Think algorithmically: if you have the indexes of the sorted items, you can create a second vector, and move all the items to the proper positions. This will be a trivial task (O(n)), and cheap relative to the (O(n*logn)) sort. — Alex Huszagh, Jun 30 '17 at 21:33
@AlexanderHuszagh: Ah that makes sense I guess. Speaking in terms of actual operations (rather than asymptotes), if we rearranged each vector in tandem with the sort we'd use m\*n\*logn operations (m vectors, each of length n). Just rearranging based on indices would require (m-1)\*n + n\*logn = mn - n + n\*logn which is fewer... Hell, even asymptotically, we're looking at O(mn + nlogn) < O(mnlogn) — marcman, Jun 30 '17 at 21:40

Alex Huszagh · Accepted Answer · 2017-06-30T21:45:27.867

std::sort takes iterators: Although a custom sort could likely take both indexes and the values in a single sort step, it's unlikely to be of much use (and may require different algorithms, making it slower).

Algorithm Design

Why? Because std::sort performs in O(n*logn) time. Moving elements from the sorted indexes will take O(n) time, which is relatively cheap in comparison.

Using the example from above, in the link given, we have this existing code:

using namespace std;

template <typename T>
vector<size_t> sort_indexes(const vector<T> &v) 
{

  // initialize original index locations
  vector<size_t> idx(v.size());
  iota(idx.begin(), idx.end(), 0);

  // sort indexes based on comparing values in v
  sort(idx.begin(), idx.end(),
       [&v](size_t i1, size_t i2) {return v[i1] < v[i2];});

  return idx;
}

We can now create a sorted array from these indexes, a cheap step:

template <typename T>
vector<T> sorted_array(const vector<T> &v, const vector<size_t>& i) 
{
    vector<T> out;
    out.reserve(v.size())
    for (auto j: i) {
        out.emplace_back(v[j]);
    }
}

If copying the values is too prohibitive, you can use a std::reference_wrapper to create a non-nullable wrapper.

template <typename T>
vector<reference_wrapper<const T>> sorted_array(const vector<T> &v, const vector<size_t>& i) 
{
    vector<reference_wrapper<const T>> out;
    out.reserve(v.size())
    for (auto j: i) {
        out.emplace_back(std::cref(v[j]));
    }
}

Even for large arrays, this should be pretty efficient.

Caution

Don't try to sort two arrays at once.
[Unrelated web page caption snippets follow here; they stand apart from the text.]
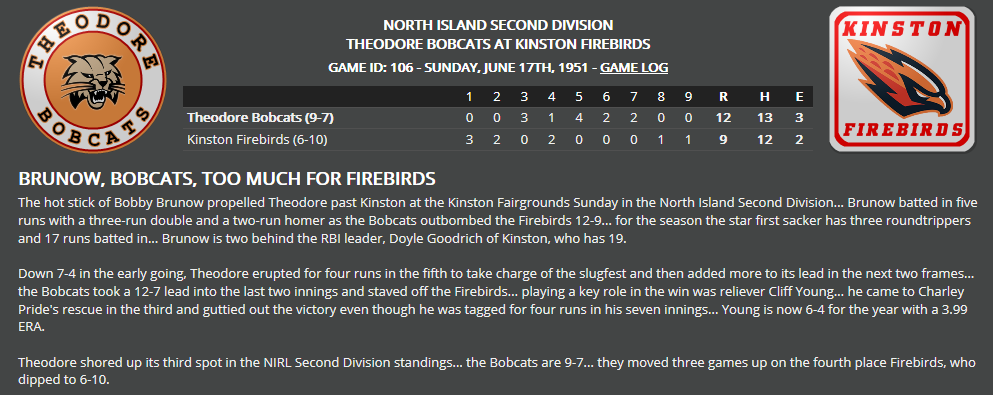 Name:  1947 SA LINE SCORE 4.png
Views: 254
Size:  88.8 KB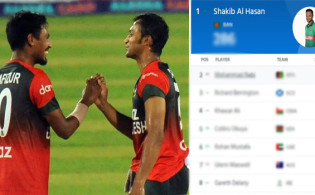 টি-২০ র্যাংকিংয়ে চমকে দিলেন সাকিব,অবাক করলেন মুস্তাফিজ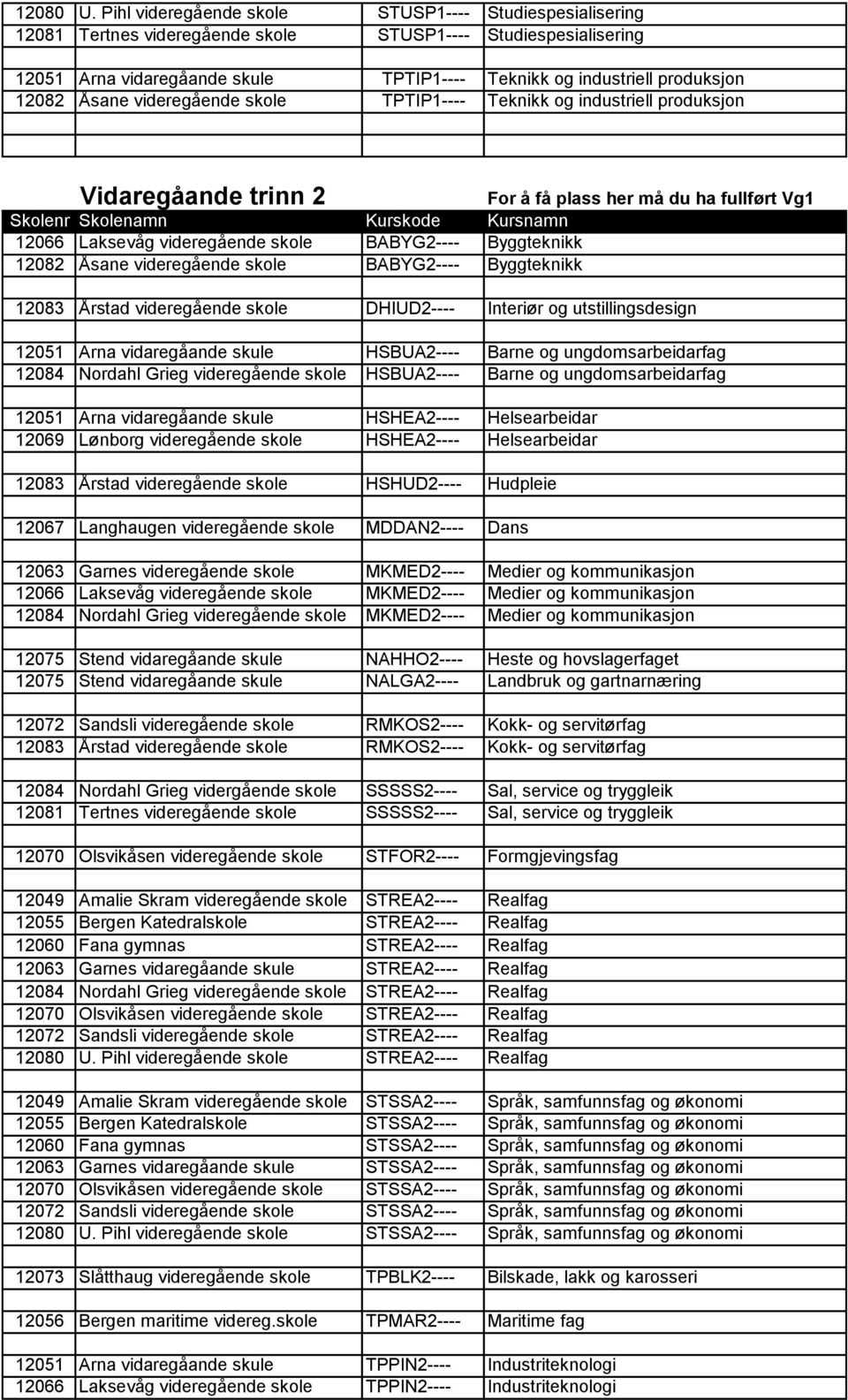 12082 Åsane videregående skole TPTIP1---- Teknikk og industriell produksjon Vidaregåande trinn 2 For å få plass her må du ha fullført Vg1 Skolenr Skolenamn Kurskode Kursnamn 12066 Laksevåg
Don't try to move items in your value array when sorting the index array. Why? Because the comparison is index-based for the value array: moving items will destroy the sort in the original array. Since moving the items to the correct position is so cheap once you have the sorted indexes, don't worry about performance here: the sort is the bottleneck.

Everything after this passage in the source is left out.